On 30.07.24 18:41, Thomas Lindroth wrote:
I upgraded from kernel 6.1.94 to 6.1.99 on one of my machines and noticed that the dmesg line "Incomplete global flushes, disabling PCID" had disappeared from the log.
Thomas, thx for the report. FWIW, mainline developers like the x86 folks or Tony are free to focus on mainline and leave stable/longterm series to other people -- some nevertheless help out regularly or occasionally. So with a bit of luck this mail will make one of them care enough to provide a 6.1 version of what you afaics called the "existing fix" in mainline (2eda374e883ad2 ("x86/mm: Switch to new Intel CPU model defines") [v6.10-rc1]) that seems to be missing in 6.1.y. But if not I suspect it might be up to you to prepare and submit a 6.1.y variant of that fix, as you seem to care and are able to test the patch.
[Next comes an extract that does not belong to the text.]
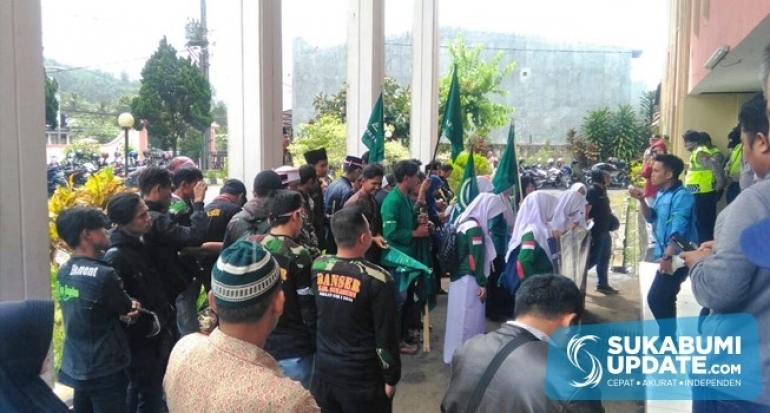 Vonis Bebas Terdakwa Pemerkosaan Anak, PN Cibadak Sukabumi Didemo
Needs to go to 6.6.y first, right? But even then, it does not apply to 6.1.y cleanly, so someone needs to send a backported (and tested) series to us at stable@vger.kernel.org and we will be glad to queue them up then.
thanks,
greg k-h
There are three commits involved.
commit A: 4db64279bc2b (""x86/cpu: Switch to new Intel CPU model defines"") This commit replaces X86_MATCH_INTEL_FAM6_MODEL(ANY, 1), /* SNC */ with X86_MATCH_VFM(INTEL_ANY, 1), /* SNC */ This is a functional change because the family info is replaced with 0. And this exposes a x86_match_cpu() problem that it breaks when the vendor/family/model/stepping/feature fields are all zeros.
commit B: 93022482b294 ("x86/cpu: Fix x86_match_cpu() to match just X86_VENDOR_INTEL") It addresses the x86_match_cpu() problem by introducing a valid flag and set the flag in the Intel CPU model defines. This fixes commit A, but it actually breaks the x86_cpu_id structures that are constructed without using the Intel CPU model defines, like arch/x86/mm/init.c.
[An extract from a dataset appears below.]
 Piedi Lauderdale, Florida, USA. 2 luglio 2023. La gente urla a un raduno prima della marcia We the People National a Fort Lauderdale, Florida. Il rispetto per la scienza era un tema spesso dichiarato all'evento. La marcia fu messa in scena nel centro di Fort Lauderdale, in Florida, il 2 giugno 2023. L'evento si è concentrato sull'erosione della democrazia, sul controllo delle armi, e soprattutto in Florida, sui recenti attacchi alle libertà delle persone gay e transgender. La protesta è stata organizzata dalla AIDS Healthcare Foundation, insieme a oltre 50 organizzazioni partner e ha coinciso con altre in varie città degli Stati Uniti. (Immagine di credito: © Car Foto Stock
commit C: 2eda374e883a ("x86/mm: Switch to new Intel CPU model defines") arch/x86/mm/init.c: broke by commit B but fixed by using the new Intel CPU model defines
In 6.1.99, commit A is missing commit B is there commit C is missing
In 6.6.50, commit A is missing commit B is there commit C is missing
Now we can fix the problem in stable kernel, by converting arch/x86/mm/init.c to use the CPU model defines (even the old style ones). But before that, I'm wondering if we need to backport commit B in 6.1 and 6.6 stable kernel because only commit A can expose this problem.